It wasn’t long ago that if you were into the glass scene, like Amy Short is, the best place to find cool new pieces for your collection was in the parking lot at a Phish concert or Grateful Dead show. Live music is great and all, but what smoke shop owner has time to follow bands around the country when there’s a business to run?
That’s the predicament that inspired Amy and her mom, Lee Anne, to start Glass Vegas, a one-of-a-kind industry-only trade show with a focus on high-end functional glass art.
Other cannabis and smoke shop industry trade shows give retail attendees a little bit of everything. As its name implies, Glass Vegas is all about glass, with over 300 vendor booths representing between 500 to 600 independent glass artists as well as the leading wholesale vendors.
Buyers coming to Glass Vegas can find all kinds of functional glass, from simple dry pipes to rigs, bubblers and the most creative heady pieces imaginable. Sure, you can log onto Instagram and scroll through countless photos of pipes, but as Amy points out, there’s nothing like being able to see a piece with your own eyes, hold it in your hands and meet the artist responsible for its creation.
“Our industry is much different than any other— it works a lot based on relationships. If you hit up an artist online that you don’t have the connection to, depending on how busy they are, they may not even respond,” Amy says. “Some artists will only work with people they know, so coming to Glass Vegas and meeting them in person gives you the opportunity to place orders that other people can’t — when a glass artist knows their customer, they’re also likely to give them a better deal.”
“Glass artists are amazing people,” Lee Anne adds. “This industry is built on connections, and so many of these glass artists have really great stories about who they are, what inspires their art, and why they are so passionately immersed in the craft. It’s easier for a retailer to promote and sell an artist’s work when they can get the customer excited about the ‘story’ behind it.”
Salt is a perfect example of a glass artist whose name is known far and wide, but it’s a rare privilege to watch him working at the torch live and in person. Glass Vegas was one of the first times Salt had ventured out of his Texas studio to do a trade show in quite a few years. Not only did he bring some of his best work to sell, but he also put on a glass blowing demo.
“Watching a piece made right in front of your eyes, gives you a whole new level of appreciation for the artistry and the kind of work that goes into these pieces. It’s absolutely incredible,” Amy says.

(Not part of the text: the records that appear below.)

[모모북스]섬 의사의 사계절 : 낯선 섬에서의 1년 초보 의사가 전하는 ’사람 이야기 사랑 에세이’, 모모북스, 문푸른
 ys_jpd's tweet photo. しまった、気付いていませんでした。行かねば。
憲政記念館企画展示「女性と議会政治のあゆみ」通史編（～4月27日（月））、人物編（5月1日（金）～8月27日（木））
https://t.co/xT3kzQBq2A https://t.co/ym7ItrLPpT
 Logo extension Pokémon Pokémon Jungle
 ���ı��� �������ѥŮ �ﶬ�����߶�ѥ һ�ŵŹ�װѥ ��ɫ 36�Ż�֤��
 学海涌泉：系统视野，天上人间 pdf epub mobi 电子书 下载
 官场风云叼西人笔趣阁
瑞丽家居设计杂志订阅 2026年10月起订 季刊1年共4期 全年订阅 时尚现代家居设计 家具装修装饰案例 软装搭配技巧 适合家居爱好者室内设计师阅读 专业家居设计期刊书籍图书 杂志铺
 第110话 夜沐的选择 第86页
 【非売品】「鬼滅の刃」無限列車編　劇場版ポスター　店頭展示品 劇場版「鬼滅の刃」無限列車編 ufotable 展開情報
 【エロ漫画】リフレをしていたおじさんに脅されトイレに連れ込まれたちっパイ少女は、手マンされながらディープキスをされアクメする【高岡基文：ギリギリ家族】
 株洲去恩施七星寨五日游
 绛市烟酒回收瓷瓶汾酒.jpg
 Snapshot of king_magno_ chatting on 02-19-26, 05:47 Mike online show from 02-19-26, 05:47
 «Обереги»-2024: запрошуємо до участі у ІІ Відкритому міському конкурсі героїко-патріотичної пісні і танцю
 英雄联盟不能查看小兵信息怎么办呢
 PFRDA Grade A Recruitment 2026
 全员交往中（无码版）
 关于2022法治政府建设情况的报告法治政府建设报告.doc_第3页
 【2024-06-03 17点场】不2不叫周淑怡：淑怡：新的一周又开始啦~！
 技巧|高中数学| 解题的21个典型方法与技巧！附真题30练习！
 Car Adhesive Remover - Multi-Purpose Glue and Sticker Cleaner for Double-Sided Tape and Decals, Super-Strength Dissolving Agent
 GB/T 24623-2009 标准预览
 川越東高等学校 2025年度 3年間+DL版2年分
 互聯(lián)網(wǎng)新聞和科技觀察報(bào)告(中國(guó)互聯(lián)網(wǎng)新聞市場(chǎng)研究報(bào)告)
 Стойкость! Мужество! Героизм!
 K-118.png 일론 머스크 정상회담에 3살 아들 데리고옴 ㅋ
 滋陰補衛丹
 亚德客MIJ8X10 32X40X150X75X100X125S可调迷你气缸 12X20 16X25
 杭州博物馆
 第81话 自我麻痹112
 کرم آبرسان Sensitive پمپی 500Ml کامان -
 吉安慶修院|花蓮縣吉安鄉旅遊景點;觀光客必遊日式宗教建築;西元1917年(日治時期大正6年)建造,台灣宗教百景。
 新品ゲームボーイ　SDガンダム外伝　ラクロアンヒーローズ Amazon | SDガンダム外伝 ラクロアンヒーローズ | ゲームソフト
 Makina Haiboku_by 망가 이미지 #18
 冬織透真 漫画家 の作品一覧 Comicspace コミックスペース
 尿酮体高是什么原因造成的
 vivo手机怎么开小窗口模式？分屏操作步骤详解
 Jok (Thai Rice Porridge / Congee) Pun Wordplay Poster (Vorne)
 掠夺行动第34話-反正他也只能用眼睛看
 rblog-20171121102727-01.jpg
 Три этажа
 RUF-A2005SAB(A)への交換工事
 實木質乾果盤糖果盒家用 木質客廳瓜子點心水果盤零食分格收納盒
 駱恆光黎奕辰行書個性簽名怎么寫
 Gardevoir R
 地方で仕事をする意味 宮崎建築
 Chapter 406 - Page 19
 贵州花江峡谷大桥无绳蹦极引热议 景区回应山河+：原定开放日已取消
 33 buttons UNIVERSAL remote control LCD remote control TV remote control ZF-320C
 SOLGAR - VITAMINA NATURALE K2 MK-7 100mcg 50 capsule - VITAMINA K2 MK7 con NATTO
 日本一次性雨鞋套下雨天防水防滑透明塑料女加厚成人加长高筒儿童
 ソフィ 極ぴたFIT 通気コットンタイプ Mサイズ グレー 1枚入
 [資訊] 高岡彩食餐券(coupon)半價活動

How to stage a successful trade show is something that this mother-daughter team know well. Lee Ann is founder of the Glass Craft and Bead Expo, now in its 25th year. At the request of some of the attendees, who were boro glass artists, she launched Glass Vegas, of which, the 2020 event (January 28-30) fourth appearance.
And what better place than Bally’s Hotel & Casino, right on the Las Vegas strip, to put on such an event. Attendees and exhibitors never have to leave the building to enjoy the expo experience — they can get up in the morning, grab breakfast at the resort, walk to the exhibit hall, and afterward, have a great dinner and hang out, network and make some new friends.
You might say Glass Vegas is one big party, and you’d be right. For glass artists and retailers, it’s like Christmas, Mardi Gras and Black Friday all rolled into one.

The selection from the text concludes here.